What's going on with Valentino Rossi?

Last Sunday saw young Dani Pedrosa claim his first MotoGP victory, no doubt with many more to come. In fact, the common opinion amongst MotoGP pundits is that Pedrosa is the next big superstar, and the one who'll take over from Valentino Rossi as THE man to beat. For this to happen, Rossi is going to have to stop dominating the sport. Well guess what? He has. Three of the first four races have gone to someone other than Rossi, and he's certainly not top of the championship. In a strange twist, the guy leading the title race hasn't won a race in 10 months (we're talking about Nicky Hayden of course).

So why this change of fortune for the 7-time champ? Rossi himself is quick to blame the bike. The 2006 Yamaha M1 has proven to be notoriously difficult to set-up, plagued by chatter (a vibration caused by the front wheel "skipping" off the ground at high frequency usually under hard braking). In Yamaha's case the cause of the chatter has been identified as the rear shock. Or the stiff frame. Or the new wider profile Michelin tyres. Or the front forks. As you can see there's many stories, but the most important detail is that Yamaha is bringing back the 2005 frame for the next race at Le Mans. So the safest bet is that the 2006 frame has proven to be too stiff. In the last few years motorcycle manufacturers have started to move away from ultra-stiff frames, noticing that some chassis flex is desirable in making the bike feel more stable, less twitchy and easier to ride. Honda's RC211V MotoGP bike has always had one of the most flexible frames even before it first raced, and is part of the reason that the Hondas have always been at or near the front.

But wait! If the bike is so bad, why was Colin Edwards able to secure third in Shanghai last week, whilst Rossi didn't? Well Rossi retired, and before he did so he was moving through the field at a rapid rate. Colin qualified much better than Valentino and was thus able to keep his head down, avoid too much dogfighting and survive out front, albeit behind the Repsol Honda lads. The bike is really not as bad as all that, it's just not the perfect machine that it has been for the last two years.

Bike development marches on, and if a manufacturer stands still they fall behind. Yamaha had no choice but to develop the M1, and the direction they went was plain wrong, wrong enough that not even the legendary Valentino Rossi was able to ride around the problems.

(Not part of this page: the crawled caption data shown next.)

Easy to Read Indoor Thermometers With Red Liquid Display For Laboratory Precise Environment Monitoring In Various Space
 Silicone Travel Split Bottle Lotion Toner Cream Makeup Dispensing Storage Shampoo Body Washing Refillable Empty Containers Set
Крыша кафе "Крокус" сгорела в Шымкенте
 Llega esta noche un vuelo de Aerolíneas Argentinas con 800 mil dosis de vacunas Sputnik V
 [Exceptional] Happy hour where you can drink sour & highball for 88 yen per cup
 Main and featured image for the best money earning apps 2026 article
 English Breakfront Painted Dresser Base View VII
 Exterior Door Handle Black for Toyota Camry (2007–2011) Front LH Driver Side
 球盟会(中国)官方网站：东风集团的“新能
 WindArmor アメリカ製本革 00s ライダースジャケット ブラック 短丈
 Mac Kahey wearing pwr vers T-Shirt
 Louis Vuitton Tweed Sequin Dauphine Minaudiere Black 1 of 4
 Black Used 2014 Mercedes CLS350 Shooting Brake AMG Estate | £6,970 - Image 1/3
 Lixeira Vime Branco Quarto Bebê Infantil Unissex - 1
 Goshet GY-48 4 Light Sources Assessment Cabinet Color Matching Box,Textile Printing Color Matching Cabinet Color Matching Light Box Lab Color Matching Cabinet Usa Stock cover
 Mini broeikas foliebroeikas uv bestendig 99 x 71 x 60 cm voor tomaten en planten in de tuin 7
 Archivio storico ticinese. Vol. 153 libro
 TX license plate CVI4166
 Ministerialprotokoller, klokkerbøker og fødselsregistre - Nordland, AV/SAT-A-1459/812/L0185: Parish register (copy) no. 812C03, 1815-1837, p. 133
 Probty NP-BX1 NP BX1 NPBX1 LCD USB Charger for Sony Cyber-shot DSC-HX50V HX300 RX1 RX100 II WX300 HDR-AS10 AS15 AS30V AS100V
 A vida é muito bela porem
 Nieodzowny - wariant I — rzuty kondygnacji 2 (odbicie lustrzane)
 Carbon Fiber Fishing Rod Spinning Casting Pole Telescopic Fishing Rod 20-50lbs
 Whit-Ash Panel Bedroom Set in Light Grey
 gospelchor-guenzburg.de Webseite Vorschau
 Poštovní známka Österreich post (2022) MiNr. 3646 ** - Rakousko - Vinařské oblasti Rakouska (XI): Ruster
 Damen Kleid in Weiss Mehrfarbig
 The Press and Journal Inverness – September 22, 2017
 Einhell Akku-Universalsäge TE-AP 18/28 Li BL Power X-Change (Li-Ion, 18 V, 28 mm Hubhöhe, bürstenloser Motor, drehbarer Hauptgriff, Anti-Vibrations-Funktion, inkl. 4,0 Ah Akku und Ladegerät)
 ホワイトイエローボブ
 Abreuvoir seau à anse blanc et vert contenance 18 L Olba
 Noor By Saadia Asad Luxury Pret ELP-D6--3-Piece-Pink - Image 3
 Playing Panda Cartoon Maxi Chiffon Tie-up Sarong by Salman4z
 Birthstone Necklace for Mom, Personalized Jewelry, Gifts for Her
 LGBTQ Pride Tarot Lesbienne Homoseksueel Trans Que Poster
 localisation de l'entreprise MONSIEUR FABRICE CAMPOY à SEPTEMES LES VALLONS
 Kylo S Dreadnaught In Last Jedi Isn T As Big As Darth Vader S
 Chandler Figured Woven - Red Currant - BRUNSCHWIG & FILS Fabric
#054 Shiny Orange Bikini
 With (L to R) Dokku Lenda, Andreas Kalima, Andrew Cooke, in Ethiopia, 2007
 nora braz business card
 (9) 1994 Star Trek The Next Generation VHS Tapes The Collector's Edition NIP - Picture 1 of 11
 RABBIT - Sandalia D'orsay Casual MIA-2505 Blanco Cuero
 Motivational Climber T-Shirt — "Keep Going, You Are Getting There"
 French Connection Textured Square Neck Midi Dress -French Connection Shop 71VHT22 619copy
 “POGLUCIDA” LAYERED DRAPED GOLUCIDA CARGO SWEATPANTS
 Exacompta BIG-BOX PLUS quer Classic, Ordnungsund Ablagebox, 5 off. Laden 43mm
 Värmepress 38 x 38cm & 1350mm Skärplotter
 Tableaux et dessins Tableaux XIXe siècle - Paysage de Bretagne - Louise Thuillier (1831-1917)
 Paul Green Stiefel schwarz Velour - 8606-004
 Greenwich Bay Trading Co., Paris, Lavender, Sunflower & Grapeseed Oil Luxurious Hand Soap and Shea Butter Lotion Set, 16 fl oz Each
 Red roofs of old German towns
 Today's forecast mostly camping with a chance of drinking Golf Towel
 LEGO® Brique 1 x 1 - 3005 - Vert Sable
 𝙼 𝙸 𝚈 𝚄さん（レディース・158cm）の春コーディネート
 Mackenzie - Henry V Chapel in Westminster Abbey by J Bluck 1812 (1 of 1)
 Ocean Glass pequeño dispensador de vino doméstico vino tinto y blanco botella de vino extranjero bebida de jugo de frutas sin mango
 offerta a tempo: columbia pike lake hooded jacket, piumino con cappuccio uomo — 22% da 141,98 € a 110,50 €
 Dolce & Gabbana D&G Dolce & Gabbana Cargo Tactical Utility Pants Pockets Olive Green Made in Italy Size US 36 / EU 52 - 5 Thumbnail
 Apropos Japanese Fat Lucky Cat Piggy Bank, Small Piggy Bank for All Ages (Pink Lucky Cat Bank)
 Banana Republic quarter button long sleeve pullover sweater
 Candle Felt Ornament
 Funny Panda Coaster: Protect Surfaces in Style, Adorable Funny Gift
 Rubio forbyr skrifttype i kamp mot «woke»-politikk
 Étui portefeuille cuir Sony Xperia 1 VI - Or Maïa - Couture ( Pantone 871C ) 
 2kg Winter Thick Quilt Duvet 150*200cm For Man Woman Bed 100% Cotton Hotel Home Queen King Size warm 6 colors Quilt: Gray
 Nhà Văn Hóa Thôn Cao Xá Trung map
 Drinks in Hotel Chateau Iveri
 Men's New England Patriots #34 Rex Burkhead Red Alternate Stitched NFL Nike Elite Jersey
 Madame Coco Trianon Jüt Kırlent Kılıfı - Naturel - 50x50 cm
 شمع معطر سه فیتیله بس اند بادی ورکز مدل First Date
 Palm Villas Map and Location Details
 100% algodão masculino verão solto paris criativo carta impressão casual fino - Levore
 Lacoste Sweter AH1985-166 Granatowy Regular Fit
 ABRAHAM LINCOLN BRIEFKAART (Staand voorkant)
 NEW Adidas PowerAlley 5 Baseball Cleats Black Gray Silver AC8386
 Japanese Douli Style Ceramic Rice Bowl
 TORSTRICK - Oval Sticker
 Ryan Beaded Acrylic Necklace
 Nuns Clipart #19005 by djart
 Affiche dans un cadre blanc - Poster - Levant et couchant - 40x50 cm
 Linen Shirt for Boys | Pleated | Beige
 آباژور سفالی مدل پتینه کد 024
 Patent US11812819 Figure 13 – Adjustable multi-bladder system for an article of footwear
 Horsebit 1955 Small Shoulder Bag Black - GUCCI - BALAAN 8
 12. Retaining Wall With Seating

But the one thing that Vale should be most worried about has nothing to do with his bike. He should be worried about the miniscule Spaniard who won the last two 250cc world titles, Dani Pedrosa. There's no doubt that he is the most talented rider to arrive in MotoGP since Vale himself. Time will tell if he's actually better, and we won't know the truth until Yamaha finally sort out their 2006 M1. Maybe by Monday we'll have a better idea.